# My new website... too much flash?



## RMThompson (Sep 5, 2008)

I'm new to flash, so I had some trouble editing this template. Let me know what you guys think!

www.rmtphotography.com


----------



## iflynething (Sep 5, 2008)

I do not like that one bit. Cool, but I dont' like to click eyes to navigate a page and not even know where I'm navigating to. It took over a minute to load on 3Mbs internet speed. I give up on a flash upload after 30 sec. You may have other clients who are the same way and dont get a chance to look at your work because it takes too long.

~Michael~


----------



## timbearden (Sep 6, 2008)

I like the idea of it, but I also would like to know where I'm going.  Could you make a pop-up saying where you are going prior to clicking it?


----------



## epp_b (Sep 6, 2008)

I'm going to go out on a limb here and say "yes" without even looking at your site.  If you have to ask if there's too much flash, there's too much flash.


----------



## iflynething (Sep 7, 2008)

epp_b said:


> I'm going to go out on a limb...


 

Funny you brought up the limbs 

~Michael~


----------



## NecroBolt (Sep 28, 2008)

I like it, but am also concerned about the eyes not having popups letting you know what you're clicking on.  I'm considering a flash intro also and might not now.  Once you're in the site though, I love it.  The bigger samples pop up after the click quite fast and looks so cool.  But the eyes thing could be re-tooled.  IMO.


----------



## The_Photography_Studio (Oct 21, 2008)

All you need to add is a tooltip that 

on(Rollover){
tooltip._visible = true;
}

Then just use Drag so it follows the mouse when you are over one of the eyes. 
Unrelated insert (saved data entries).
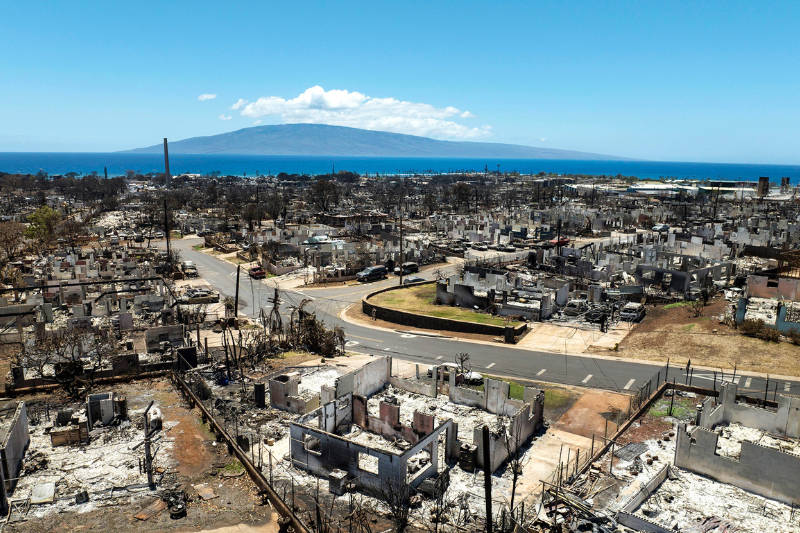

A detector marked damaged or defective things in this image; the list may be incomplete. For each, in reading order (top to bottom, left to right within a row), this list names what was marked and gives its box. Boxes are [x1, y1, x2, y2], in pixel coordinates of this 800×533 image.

destroyed vehicle [356, 264, 388, 280]
destroyed vehicle [564, 300, 588, 316]
destroyed vehicle [620, 302, 648, 322]
burned residential area [1, 166, 800, 532]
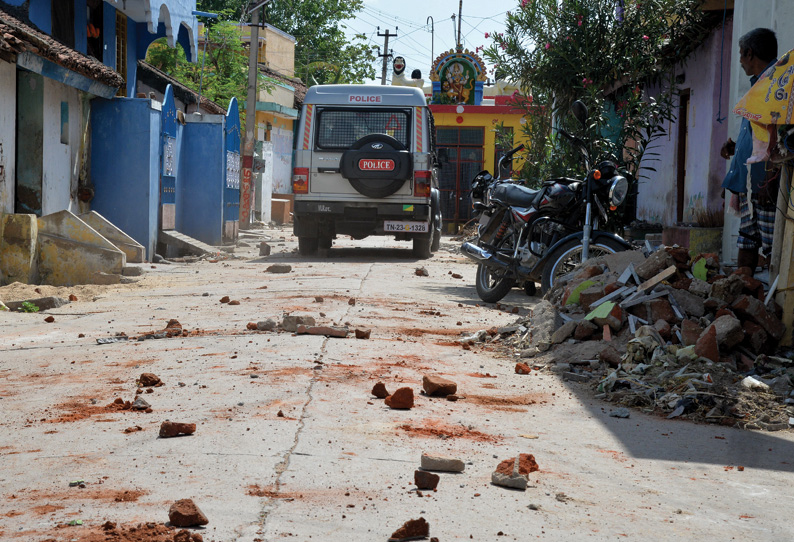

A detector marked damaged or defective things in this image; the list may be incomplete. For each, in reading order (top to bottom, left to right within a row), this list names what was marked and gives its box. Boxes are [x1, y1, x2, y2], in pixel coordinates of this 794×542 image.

pile of broken concrete [508, 248, 792, 434]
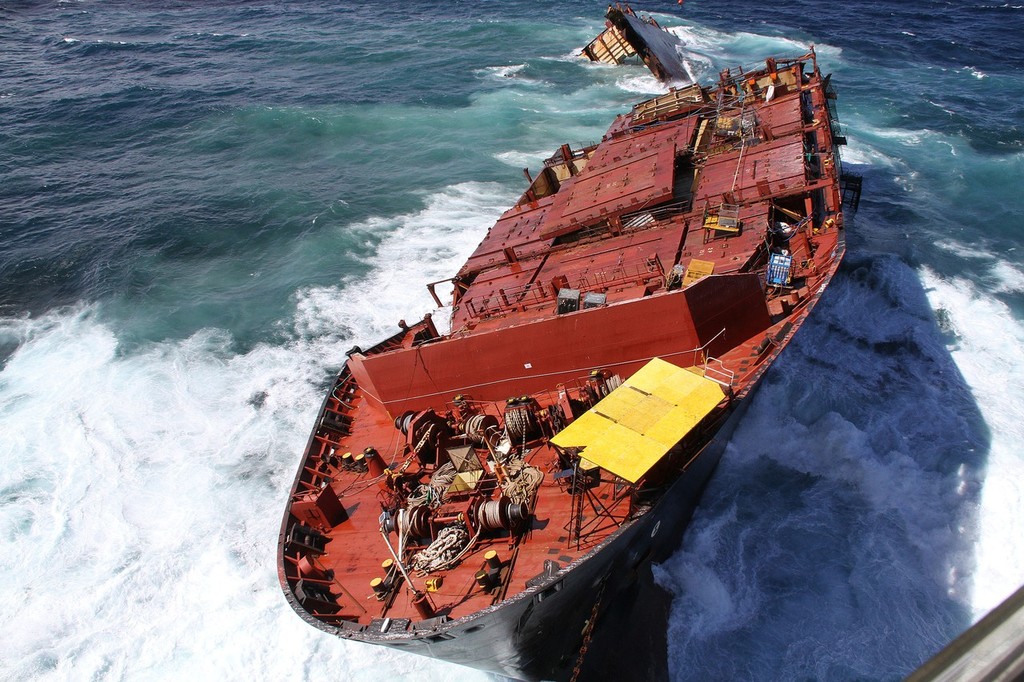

You obviously know Flash just this is how I do 'tooltips'. Like the site though but could be faster loading.


----------



## The_Photography_Studio (Oct 21, 2008)

Lol just read your thread properly 'I'm new to Flash'. My suggestion probs doesn't mean anything. If you need a hand adding a rollover for the eyes let me know.

www.wemustdesign.com


----------



## bhop (Oct 21, 2008)

dunno.. it's still loading.. slowly..

finally loaded, I like the idea of it, but you need some text that tells you what each of those things represent.  As it is now, it's all a guess.  I can see an eye, but I don't know where it takes me until AFTER I click it.  If a small bit of text faded in somewhere when the eye was rolled over "Portfolio" for example, then that'd also help people understand that you're supposed to click it.  (portfolio is one word btw, it looks like two on your site)  To make a site successful, information is important.  Most people have short attention spans, if they are confused, they'll just close the window.


----------